By clicking on the icons you will be given information about the history of the building, the company and the work that has been made here. Within each pop-up window there are a number of tabs you can access through the explorer bar at the top of the page.
The images, videos and audio material are drawn from the Lucy Guerin Inc archives, which you can explore in more depth at the Theatre and Dance Platform, University of Melbourne Library.
Lucy Guerin Inc moved to its West Melbourne studio space from the company's original home in a small studio at 57 Miles Street, Southbank, in 2006.
Then, in July 2018, after more almost twelve years, Lucy Guerin Inc pulled up sticks and moved to a newly renovated warehouse space, WXYZ Studios, in North Melbourne.
The new venue is larger and also offers more security. The building at 28 Batman Street is subject to a demolition clause and given the rapid redevelopment of West Melbourne there’s no telling how much longer the little hall at 28 Batman Street will be left standing.
The four-room red-brick hall with vaulted timber-panelled ceilings was previously an Anglican Sunday school, part of the complex of buildings associated with St James Old Cathedral on the corner of Batman and King Streets. It has also been an Anglicare call centre and a graphic design studio.
Dance studios often take up residence in industrial or warehouse spaces in the inner city. Lucy Guerin's company is no exception, having moved from south to west to north of the central business district.
Lucy speaks
Interview with Lucy Guerin on 18 July 2018 at the Lucy Guerin Inc Studios, 28 Batman Street, West Melbourne.
Lucy on tour
Lucy Guerin Inc was established in Melbourne in 2002 not only as a vehicle for Lucy Guerin to create new dance works but also to tour them – both nationally and internationally. The company has one of the busiest schedules among contemporary dance companies in Australia with new and repertoire works regularly touring through North America, Europe and Asia.
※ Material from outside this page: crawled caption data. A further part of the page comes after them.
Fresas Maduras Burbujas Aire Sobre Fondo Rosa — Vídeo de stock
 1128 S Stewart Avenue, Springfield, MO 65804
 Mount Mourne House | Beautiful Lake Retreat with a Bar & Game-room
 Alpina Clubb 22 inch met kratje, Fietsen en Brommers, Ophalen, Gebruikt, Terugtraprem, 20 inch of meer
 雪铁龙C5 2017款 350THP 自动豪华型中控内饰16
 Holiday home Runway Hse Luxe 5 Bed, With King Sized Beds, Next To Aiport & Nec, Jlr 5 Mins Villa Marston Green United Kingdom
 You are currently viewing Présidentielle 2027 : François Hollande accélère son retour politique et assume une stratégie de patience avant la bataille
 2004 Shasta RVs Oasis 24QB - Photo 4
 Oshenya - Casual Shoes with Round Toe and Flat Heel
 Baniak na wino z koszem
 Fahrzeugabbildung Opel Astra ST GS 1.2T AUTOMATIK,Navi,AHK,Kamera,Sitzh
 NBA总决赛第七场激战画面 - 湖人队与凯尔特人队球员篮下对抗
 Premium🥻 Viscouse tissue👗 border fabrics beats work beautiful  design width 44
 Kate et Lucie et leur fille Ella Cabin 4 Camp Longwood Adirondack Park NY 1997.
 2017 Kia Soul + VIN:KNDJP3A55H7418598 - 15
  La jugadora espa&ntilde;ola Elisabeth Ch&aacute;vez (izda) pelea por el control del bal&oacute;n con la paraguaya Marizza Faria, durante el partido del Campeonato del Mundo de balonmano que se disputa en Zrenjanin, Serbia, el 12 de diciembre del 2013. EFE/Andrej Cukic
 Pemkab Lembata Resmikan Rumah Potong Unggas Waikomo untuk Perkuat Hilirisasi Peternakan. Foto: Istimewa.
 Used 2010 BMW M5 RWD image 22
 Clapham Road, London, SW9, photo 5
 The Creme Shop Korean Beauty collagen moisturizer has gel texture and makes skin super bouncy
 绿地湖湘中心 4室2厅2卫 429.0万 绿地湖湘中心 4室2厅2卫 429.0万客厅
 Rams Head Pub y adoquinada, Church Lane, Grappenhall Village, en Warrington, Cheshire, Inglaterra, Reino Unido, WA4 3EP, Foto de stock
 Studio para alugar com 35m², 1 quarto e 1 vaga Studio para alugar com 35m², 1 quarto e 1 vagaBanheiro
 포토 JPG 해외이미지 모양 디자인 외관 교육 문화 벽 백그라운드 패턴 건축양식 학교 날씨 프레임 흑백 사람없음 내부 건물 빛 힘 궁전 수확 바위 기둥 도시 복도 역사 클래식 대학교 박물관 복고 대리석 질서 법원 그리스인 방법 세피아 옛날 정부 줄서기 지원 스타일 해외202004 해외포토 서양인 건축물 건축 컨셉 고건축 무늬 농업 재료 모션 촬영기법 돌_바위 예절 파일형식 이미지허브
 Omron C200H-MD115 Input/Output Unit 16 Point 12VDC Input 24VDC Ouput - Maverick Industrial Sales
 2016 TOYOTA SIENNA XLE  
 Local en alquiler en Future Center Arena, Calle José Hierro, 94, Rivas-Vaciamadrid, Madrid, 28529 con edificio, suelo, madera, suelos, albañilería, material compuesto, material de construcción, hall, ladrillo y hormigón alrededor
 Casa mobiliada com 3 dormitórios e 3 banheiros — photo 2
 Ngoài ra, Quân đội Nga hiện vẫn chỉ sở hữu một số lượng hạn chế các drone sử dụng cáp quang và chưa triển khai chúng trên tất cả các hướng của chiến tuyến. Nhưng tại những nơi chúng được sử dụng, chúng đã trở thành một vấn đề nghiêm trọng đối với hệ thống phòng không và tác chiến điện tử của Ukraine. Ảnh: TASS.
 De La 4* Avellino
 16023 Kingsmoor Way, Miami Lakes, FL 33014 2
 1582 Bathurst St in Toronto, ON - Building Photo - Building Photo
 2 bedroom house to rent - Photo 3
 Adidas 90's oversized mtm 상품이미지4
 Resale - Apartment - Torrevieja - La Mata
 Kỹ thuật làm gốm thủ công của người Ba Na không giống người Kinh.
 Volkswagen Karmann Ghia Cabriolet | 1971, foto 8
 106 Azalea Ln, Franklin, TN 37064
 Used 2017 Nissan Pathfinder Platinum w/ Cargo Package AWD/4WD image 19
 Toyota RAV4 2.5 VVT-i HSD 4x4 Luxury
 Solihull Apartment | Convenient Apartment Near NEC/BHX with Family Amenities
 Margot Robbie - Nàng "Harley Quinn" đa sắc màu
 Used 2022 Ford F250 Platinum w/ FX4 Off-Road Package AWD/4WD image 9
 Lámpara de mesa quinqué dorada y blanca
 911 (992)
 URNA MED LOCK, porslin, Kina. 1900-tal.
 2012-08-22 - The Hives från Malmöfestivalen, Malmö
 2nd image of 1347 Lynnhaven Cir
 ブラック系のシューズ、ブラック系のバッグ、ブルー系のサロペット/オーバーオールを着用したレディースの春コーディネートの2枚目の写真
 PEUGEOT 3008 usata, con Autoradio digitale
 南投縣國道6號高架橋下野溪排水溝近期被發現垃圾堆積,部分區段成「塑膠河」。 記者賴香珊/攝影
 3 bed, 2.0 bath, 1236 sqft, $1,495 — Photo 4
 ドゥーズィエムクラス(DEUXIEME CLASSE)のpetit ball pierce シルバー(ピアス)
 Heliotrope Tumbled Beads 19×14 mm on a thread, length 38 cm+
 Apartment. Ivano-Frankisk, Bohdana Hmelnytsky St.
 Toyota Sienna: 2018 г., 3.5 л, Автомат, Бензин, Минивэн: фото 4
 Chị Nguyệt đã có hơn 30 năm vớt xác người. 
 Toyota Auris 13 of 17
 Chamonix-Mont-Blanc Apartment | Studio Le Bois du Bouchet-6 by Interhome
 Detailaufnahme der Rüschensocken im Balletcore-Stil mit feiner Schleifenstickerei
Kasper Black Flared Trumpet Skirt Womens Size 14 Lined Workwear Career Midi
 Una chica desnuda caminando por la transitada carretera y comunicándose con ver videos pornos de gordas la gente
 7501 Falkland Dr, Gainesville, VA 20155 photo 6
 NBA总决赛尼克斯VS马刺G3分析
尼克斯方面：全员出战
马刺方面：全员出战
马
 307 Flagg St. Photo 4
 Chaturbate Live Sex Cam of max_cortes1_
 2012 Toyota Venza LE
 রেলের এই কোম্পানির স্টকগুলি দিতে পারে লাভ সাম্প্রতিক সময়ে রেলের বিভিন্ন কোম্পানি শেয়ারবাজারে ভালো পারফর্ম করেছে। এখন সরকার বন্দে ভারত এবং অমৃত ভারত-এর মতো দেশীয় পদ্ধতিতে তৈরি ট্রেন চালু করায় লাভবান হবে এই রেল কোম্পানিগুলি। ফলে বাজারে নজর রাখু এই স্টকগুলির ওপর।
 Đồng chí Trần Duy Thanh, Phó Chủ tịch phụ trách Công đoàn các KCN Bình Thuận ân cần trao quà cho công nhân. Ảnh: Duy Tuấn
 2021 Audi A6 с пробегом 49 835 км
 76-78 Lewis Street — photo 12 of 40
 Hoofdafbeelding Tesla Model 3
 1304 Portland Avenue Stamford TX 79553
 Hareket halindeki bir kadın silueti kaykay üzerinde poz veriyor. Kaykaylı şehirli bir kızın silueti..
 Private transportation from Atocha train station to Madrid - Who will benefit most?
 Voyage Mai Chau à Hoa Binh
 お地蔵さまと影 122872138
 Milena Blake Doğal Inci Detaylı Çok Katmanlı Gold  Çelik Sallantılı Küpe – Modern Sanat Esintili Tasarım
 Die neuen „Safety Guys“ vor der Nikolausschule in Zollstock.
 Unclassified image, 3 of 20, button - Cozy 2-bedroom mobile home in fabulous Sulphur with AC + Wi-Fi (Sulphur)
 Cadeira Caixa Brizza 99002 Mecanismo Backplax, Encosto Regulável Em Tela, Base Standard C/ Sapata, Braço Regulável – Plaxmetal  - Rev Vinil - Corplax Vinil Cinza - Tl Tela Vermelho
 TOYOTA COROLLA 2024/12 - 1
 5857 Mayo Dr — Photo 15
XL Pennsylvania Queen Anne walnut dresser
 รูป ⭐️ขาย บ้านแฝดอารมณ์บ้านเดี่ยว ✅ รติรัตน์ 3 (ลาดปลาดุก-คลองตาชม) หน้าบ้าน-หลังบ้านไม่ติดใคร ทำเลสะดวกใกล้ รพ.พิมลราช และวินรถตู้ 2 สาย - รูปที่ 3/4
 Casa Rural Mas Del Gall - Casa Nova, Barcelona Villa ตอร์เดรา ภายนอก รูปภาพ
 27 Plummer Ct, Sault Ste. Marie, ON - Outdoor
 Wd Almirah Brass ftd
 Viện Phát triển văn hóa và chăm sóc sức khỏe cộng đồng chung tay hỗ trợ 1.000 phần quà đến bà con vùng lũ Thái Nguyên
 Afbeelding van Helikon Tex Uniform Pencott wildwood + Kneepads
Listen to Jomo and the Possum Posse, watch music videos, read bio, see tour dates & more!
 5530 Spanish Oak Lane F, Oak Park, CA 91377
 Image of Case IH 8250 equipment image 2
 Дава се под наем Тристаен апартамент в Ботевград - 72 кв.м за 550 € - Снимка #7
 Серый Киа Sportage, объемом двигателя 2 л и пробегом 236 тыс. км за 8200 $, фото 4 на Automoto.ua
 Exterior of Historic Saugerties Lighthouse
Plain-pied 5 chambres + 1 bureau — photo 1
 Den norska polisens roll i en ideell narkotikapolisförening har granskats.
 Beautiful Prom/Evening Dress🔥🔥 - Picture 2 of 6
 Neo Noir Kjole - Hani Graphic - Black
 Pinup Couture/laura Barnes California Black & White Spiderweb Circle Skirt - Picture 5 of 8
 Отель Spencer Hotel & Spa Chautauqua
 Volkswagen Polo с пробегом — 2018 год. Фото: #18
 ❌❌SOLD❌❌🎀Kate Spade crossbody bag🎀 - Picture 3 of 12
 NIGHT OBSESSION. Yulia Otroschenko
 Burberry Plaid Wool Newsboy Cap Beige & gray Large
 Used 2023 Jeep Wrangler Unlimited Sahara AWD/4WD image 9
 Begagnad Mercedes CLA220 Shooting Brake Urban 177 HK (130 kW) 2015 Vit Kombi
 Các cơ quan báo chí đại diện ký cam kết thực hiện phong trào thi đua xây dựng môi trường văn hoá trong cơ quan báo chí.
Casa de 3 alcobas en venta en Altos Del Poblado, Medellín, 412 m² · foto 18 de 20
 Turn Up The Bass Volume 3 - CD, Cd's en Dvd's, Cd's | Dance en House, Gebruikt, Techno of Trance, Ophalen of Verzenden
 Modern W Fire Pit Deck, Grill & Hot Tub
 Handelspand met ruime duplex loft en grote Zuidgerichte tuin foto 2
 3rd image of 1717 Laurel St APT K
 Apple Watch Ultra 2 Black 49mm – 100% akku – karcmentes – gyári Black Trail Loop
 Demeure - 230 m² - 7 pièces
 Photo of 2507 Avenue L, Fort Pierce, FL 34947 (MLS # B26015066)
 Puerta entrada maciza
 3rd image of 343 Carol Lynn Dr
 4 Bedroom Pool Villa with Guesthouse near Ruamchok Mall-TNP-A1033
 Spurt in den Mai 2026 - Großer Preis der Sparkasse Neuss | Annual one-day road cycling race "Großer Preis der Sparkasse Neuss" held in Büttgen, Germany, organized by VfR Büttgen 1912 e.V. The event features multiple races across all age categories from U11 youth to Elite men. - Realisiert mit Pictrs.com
Guerin’s work has always appealed to a broad international audience. Her first steps as a choreographer were taken in New York and she won a coveted Bessie there in 1996 for Two Lies. Also in 1996 she toured Solemn Pink and Incarnadine to the Rencontres chorégraphiques internationales de Seine-Saint-Denis in France, where she won the Prix d'auteur.
More recently, works such as Structure and Sadness Untrained, Weather, Conversation Piece and Attractor have crisscrossed the world, appearing at major events along the way such as the Jacob’s Pillow Dance Festival in the Berkshires, the Noorderzon Festival in Norway and the Aarhus Festival in Denmark. In 2017 alone the company performed 42 shows in 10 cities around the world.
In the map above you can see the tour itinerary of Lucy Guerin's Weather (2012). Find out more about Weather's European and North American tours and view a selection of souvenirs.
Common area
The West Melbourne studio was not only a rehearsal space and administrative base for Lucy Guerin Inc. It was also the centre of a community, with people coming and going from morning until late at night. The venue hosted a busy schedule of dance and yoga classes taught by current and former company members and guests. It provided a space for workshops, masterclasses, artist talks, forums, discussion groups and showings by emerging artists. And it was also available for hire for rehearsals.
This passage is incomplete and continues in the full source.